First, spare your younger children the details. They need not--and should not--see graphic photos in order to make it "real" for them. That is unnecessary; younger children simply cannot digest that kind of information. It would hurl them into an existential crisis that they cannot handle. Older children can read newspaper accounts, but I would still have them avoid graphic photographs. Forget cable news reports of the disaster.
Second, give them some semblance of control and power. Perhaps you could offer to arrange a contribution from your child or your family to a reputable charity to help those suffering in Haiti. If that is impossible, your child could write an encouraging letter to a Haitian child. Praying for those suffering is also a way to help children feel involved, albeit in a safe way.
Third, reassure your young child that events like this are rare. Monumental disasters are not unrealistic, but young children need reassurance that things like this aren't happening on a regular basis. Older children can understand that earthquakes are infrequent in most places--save the west coast--and that most of them are relatively benign.

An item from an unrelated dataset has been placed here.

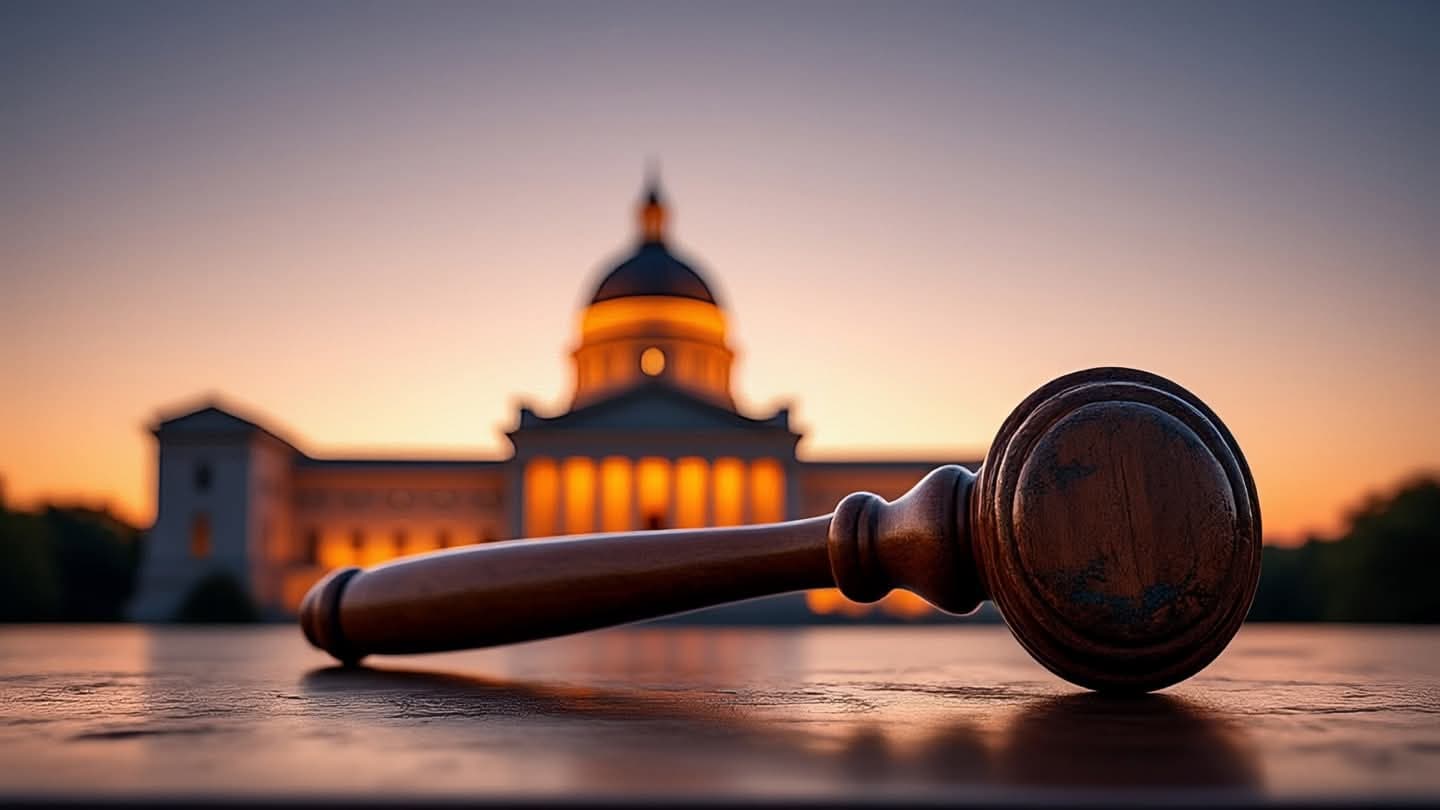 Digital Evidence: The FBI’s Move in the Swalwell Case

Fourth, let them know that you have plans for keeping them safe from disasters. If a disaster befalls you, Mom and Dad have a safety plan. If something happens to the house, you have a plan; if something happens to Mom or Dad, you have a plan to take care of them; and so on. If you don't have a safety plan, make sure you make one!
Finally, recognize that your children may suffer some from learning about these events. This is normal. In a strange way, it is beautiful that they might suffer along with the victims of this tragedy. Be thankful that your child has empathy. If it becomes so acute that he or she cannot sleep, eat, or function, then it's time to seek help and communicate with the child's teachers. But don't imagine that you can or should protect your child from all of the pain surrounding these and similar events.